Cette réflexion géniale de Louis-ferdinand Céline : « Tout est permis, sauf de douter de l’homme. » J’ignorais que Céline considérait Élie Faure comme son Maître et qu’il correspondait couramment avec lui. Il le contredit souvent en lui expliquant qu’il n’y a pas de peuples au sens grandiose où l’entend Élie Faure : il n’y a que des exploiteurs et des exploités – et chaque exploité ne demande qu’à devenir exploiteur. Céline insiste : « Le prolétariat héroïque, égalitaire, n’existe pas. C’est un songe-creux, une faribole, d’où l’inutilité, la niaiserie absolue, écoeurante de toutes ces imageries imbéciles qui opposent le méchant capitaliste repu à la chaîne d’or au prolétaire en blouse bleue, héros de demain. Ils sont tous aussi fumier l’un
que l’autre. » Conclusion : il ne faut se donner ni au peuple, ni à la finance, ni à personne. J’ajouterai : et surtout pas à soi-même.
Si Jésus était mort à soixante ans, il aurait considéré sa religion comme un péché de jeunesse.

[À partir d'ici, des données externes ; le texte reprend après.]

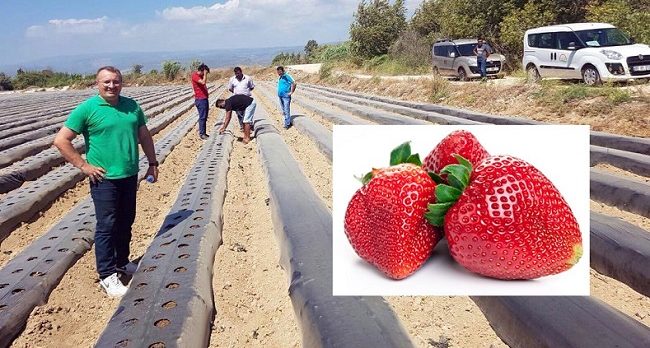 İLÇEDEKİ GÖÇE ÇİLEKLİ ÖNLEM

La seule question à laquelle personne n’est en mesure de répondre, c’est : « À quoi bon ? » L’équivalent de « I would prefer not to ». Question qui n’en est pas une, remarque finement Cioran, car c’est la réponse à toutes les questions.

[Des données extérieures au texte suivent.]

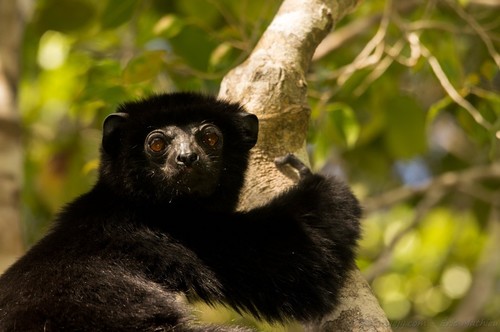 Perrier’s Sifaka (Propithecus perrieri) — Critically Endangered Mammalia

Rares sont ceux qui arrivent à cette conclusion : la jouissance la plus profonde et la plus subtile est, aussi paradoxal que cela paraisse, le renoncement. Il me semble que je ne suis pas loin d’y parvenir.
J’approuve totalement ce cher Albert Caraco lorsqu’il écrit que la plupart des hommes feraient mieux de se couper la gorge plutôt que de languir à la surface d’eux-mêmes. Ce que j’ai de commun avec lui, c’est le plaisir que je prends à froidement scandaliser mes lecteurs, non pour qu’ils se hérissent, mais pour qu’ils se réveillent, tout en sachant que c’est peine perdue.

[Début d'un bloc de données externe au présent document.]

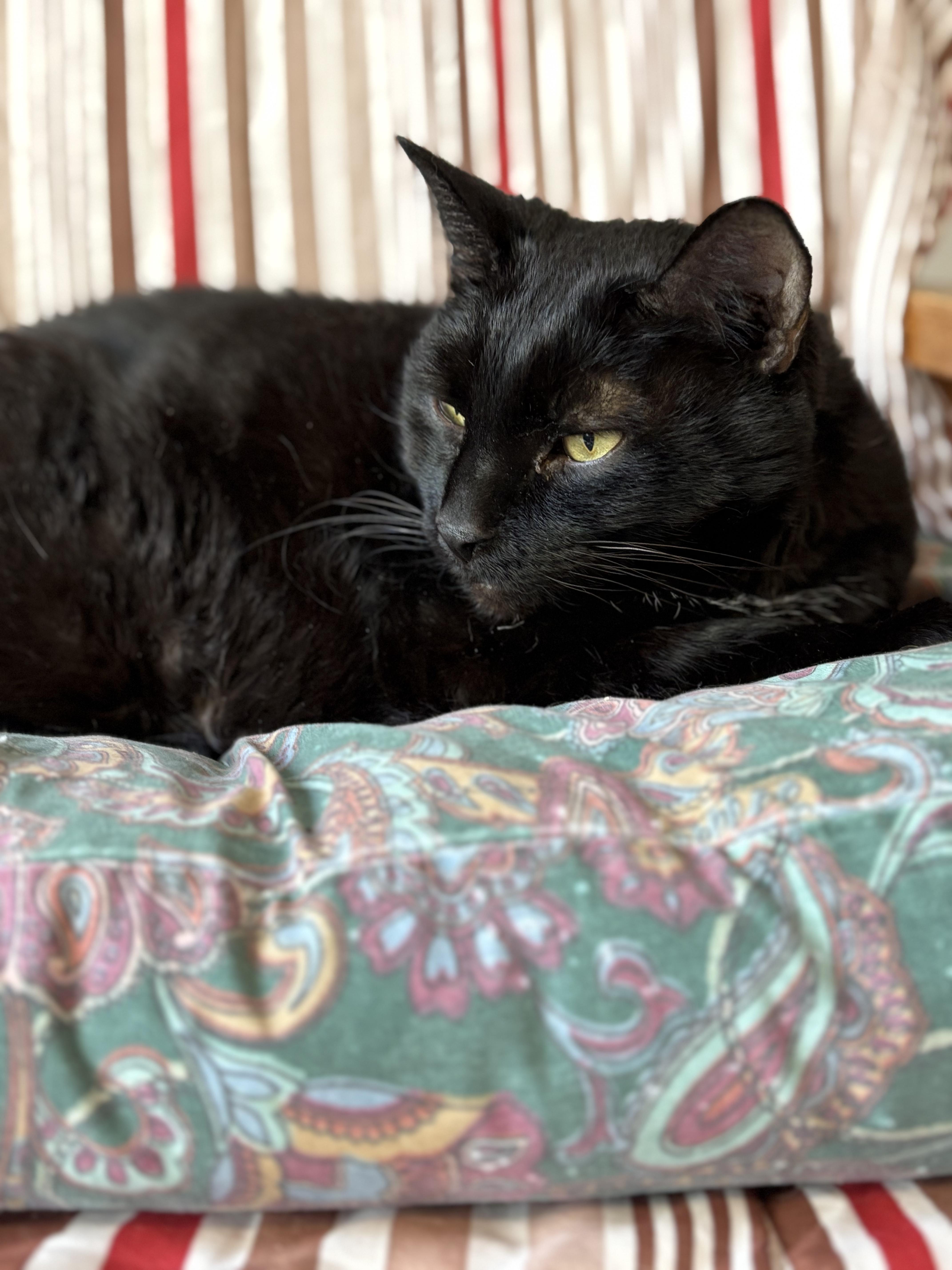 Lancelot, a Adoptable Domestic Short Hair in East Garafraxa, ON image 3/3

J’ai renoncé à écrire mon autobiographie qui, de toute manière, n’intéresserait personne, car elle révélerait que tout va bien, sauf ma mémoire.
Il y a depuis peu à Vienne un Musée des pompes funèbres. Un ami me conseille d’y aller : on se sent immédiatement chez soi. Il y a aussi le café Schopenhauer pour se requinquer.
J’ai beaucoup changé dans ma vie, ne sachant si j’allais vers le meilleur ou le pire. Je me prépare au dernier changement qui aura au moins l’avantage de m’éviter ce genre de questions.
Notre amour de la vie – et je m’aperçois chaque matin combien il décline vite chez moi – n’est qu’une vieille liaison dont nous avons bien de la peine à nous débarrasser.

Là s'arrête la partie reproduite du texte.